Le 15 octobre 1983, sur fond de tensions entre jeunes des cités et policiers, une douzaine d'enfants d'immigrés et de militants antiracistes quittaient Marseille pour réclamer l'égalité des droits. Deux mois et un millier de kilomètres plus tard, ils étaient accueillis à Paris par 100.000 personnes.
Seuls deux Français sur dix s'en rappellent
"L'histoire est extraordinaire, estime Nabil Ben Yadir, réalisateur du film La Marche qui sortira le 27 novembre: des jeunes de banlieue décident d'organiser une marche après avoir vu un film sur Gandhi et partent à la rencontre d'une France qui ne les connaît pas."
Très médiatisée à l'époque, leur initiative a disparu des esprits. Peu d'événements ont marqué ses 10 et ses 20 ans et aujourd'hui seuls deux Français sur dix s'en rappellent, une proportion qui tombe à un sur dix chez les plus jeunes. Cette année, une conjonction de facteurs font cependant ressurgir l'événement, considéré comme l'acte de naissance politique des descendants d'immigrés.
Appel à projets pour le 30e anniversaire
D'abord, le long métrage a servi de locomotive. "Il a accéléré les choses en multipliant la couverture médiatique", estime le père Christian Delorme, un des marcheurs historiques qui témoigne de cette épopée dans la Marche (Bayard).
Ensuite, la gauche est à nouveau au pouvoir et "considère la mémoire des quartiers et de l'immigration comme une dimension de la politique de la Ville", rappelle le sociologue Abdellali Hajjat, qui publie l'ouvrage le plus documenté (La Marche pour l'égalité et contre le racisme, Amsterdam).
Le gouvernement a d'ailleurs lancé un appel à projets pour le 30e anniversaire et débloqué 455.000 euros pour financer 70 actions commémoratives (colloques, spectacle chorégraphique, édition spéciale de magazine...).
"Il s'agit de rappeler l'histoire mais aussi de réfléchir sur l'intégration, explique le ministre délégué à la Ville, François Lamy qui, jeune homme, avait accueilli la marche à Paris. "En 30 ans, une classe moyenne issue de l'immigration a émergé mais elle continue à se heurter à un plafond de verre."
"Les bourreaux raffolent des victimes"
Par ailleurs, certains acteurs historiques sont sortis de l'ombre, à commencer par Toumi Djaïdja.

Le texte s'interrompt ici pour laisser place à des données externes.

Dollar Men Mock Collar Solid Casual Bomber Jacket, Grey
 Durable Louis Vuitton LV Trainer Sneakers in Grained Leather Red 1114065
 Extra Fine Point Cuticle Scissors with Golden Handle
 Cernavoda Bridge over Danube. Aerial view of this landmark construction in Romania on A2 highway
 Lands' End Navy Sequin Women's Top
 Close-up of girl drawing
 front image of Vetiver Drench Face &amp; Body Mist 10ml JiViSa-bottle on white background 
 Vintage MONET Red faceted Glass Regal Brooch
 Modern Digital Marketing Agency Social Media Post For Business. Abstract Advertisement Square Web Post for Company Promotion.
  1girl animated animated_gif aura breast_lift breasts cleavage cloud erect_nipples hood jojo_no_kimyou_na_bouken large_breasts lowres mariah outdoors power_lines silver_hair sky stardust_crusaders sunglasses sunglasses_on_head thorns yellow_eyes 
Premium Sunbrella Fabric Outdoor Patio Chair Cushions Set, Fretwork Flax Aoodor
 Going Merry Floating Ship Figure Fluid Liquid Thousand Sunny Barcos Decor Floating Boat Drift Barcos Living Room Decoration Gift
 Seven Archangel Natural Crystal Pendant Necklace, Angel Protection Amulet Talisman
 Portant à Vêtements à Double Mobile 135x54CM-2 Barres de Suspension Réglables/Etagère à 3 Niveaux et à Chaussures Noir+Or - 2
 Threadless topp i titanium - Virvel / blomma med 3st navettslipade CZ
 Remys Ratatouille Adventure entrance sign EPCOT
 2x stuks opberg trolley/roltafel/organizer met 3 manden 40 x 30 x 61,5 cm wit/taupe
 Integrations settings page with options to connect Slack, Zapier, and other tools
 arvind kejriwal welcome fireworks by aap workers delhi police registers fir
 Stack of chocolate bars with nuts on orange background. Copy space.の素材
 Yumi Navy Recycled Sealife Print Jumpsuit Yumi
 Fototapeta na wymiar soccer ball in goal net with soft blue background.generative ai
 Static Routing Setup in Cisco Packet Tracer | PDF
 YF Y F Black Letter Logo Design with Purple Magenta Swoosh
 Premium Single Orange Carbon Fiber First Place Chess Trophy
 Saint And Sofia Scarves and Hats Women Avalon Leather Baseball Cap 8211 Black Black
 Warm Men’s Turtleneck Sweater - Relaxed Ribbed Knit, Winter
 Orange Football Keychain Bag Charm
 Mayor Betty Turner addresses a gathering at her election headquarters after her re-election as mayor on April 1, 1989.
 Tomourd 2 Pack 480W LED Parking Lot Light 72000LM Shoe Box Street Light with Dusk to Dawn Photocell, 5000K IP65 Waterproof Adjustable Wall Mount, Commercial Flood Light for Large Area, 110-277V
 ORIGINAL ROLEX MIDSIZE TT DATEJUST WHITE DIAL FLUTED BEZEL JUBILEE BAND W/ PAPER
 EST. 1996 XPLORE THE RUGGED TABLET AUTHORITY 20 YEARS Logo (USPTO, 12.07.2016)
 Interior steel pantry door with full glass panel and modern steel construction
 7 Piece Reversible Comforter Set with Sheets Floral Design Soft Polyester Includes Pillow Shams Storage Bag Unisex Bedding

En juin 1983, blessé par la police, il avait décidé avec d'autres jeunes des Minguettes, une cité près de Lyon, d'organiser cette marche pacifique pour désamorcer le cycle de violences.
Après le succès de la marche, lui et les autres marcheurs historiques, peu aguerris au militantisme politique, s'étaient effacés. SOS Racisme, créé en 1984, avait vite rempli le vide, capitalisant sur le mouvement de sympathie né pendant la marche. Aujourd'hui SOS Racisme n'est plus que l'ombre d'elle-même et Toumi Djaïdja publie un entretien avec le sociologue Adil Jazouli (La Marche pour l'Egalité, éditions l'Aube) pour éviter de "nouvelles récupérations".
Lui, souhaite que le 30e anniversaire serve de "message d'espoir". Certes, les discriminations perdurent mais, selon lui, l'histoire de la marche appelle les jeunes à se mobiliser. "Il ne faut pas qu'ils tombent dans un discours victimaire, dit-il. Les bourreaux raffolent des victimes."
Même motivation du côté du collectif AC Le FEU, né après les émeutes de 2005, qui organise une "caravane de la mémoire" (quinze étapes en deux mois) pour transmettre l'histoire et inciter les jeunes à s'investir, notamment en votant "pour faire barrage au FN". D'autres associations de quartiers se sont emparées de l'événement avec ici et là une rencontre-débat, une expo-photo, la projection d'un documentaire...
"En 2003, Jean-Pierre Raffarin avait organisé une cérémonie mais rien n'était venu de la base. Pourquoi est-ce différent aujourd'hui?" s'interroge M. Jazouli. "Sincèrement, je n'en sais rien". "Est-ce que ça a un rapport avec le Front national qui monte, avec des discours à la limite du racisme dans la bouche d'élus de partis démocratiques?", avance le réalisateur Nabil Ben Yadir. "Dans ce contexte, parler de cet événement devient un acte citoyen".